See 617 F.3d at 52 (finding the condition adequately justified).10
2.
That leaves only the government's argument that
Sebastian's "facially unreasonable" standard requires that we
reject Medina's facial challenge as meritless due to the
"widespread" use of PPG testing in sex offender treatment programs
and the fact that Medina will be forced to submit to such testing,
if at all, only in connection with such a program. But we do not
find this argument for rejecting Medina's challenge persuasive
either.
10
Of course, as Sebastian shows, the requirement that the
defendant challenge the condition itself and not the nature of its
future implementation may mean that a defendant's "facially
unreasonable" challenge to a contingent condition will fail. See
Sebastian, 612 F.3d at 52. And when that occurs, "[i]t remains
open to [the defendant] to challenge specific applications of" the
contingent condition "when actually imposed in the future." Id.
(citing York, 357 F.3d at 23); see also 18 U.S.C. § 3583(e)(2)
(allowing a district court to "modify, reduce, or enlarge the
conditions of supervised release, at any time prior to the
expiration or termination of the term of supervised release"). But
the availability of that distinct form of challenge to a condition
of supervised release provides no basis for denying Medina the
right to challenge this significant part of his sentence on direct
appeal. See Weber, 451 F.3d at 569-70.
-26-
Sebastian's application of the "facially unreasonable"

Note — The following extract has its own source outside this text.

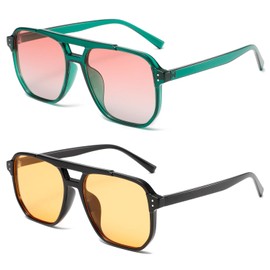 PROUDDEMON Retro oversized aviator Sunglasses Women Men, 70s 90s Square Vintage Stylish Frame Sunglasses, Red+yellow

standard did take account of the fact that the challenged condition
might facilitate a sex offender treatment program. See 612 F.3d at
52. And Sebastian further took account of the importance of
allowing the district court to mandate compliance with such a
treatment program in advance. Id. Applying those considerations,
Sebastian concluded (on review for plain error) that a limited
justification rooted in the value of ensuring compliance with
treatment-program rules sufficed to uphold the conditionally
imposed pornography ban there at issue, even though there was a
factual dispute about the efficacy of the use of such bans in
general. See id.
But Sebastian did not hold that a minimal justification
relating to compliance with treatment-program rules would suffice
to ward off a challenge to the facial reasonableness of every
condition connected with a treatment program that a district court
might choose to impose, no matter its nature. See id. And Medina
contends that PPG testing raises distinct issues because it is so
invasive and of such questionable reliability. There is no
question that, in combination, these concerns do make his challenge
to PPG testing distinguishable from the challenge to the condition
at issue in Sebastian itself. For that reason, we do not believe
Sebastian compels us to reject Medina's challenge, even if, as the
government asserts, PPG testing is widely used in sex offender
-27-
treatment programs. Instead, Medina's challenge must be confronted
on its own terms and in light of the particular arguments the
government makes about the reasonableness of this condition on the
record in this case.
Likewise, the case on which Sebastian relied in setting
forth the "facially unreasonable" standard -- United States v.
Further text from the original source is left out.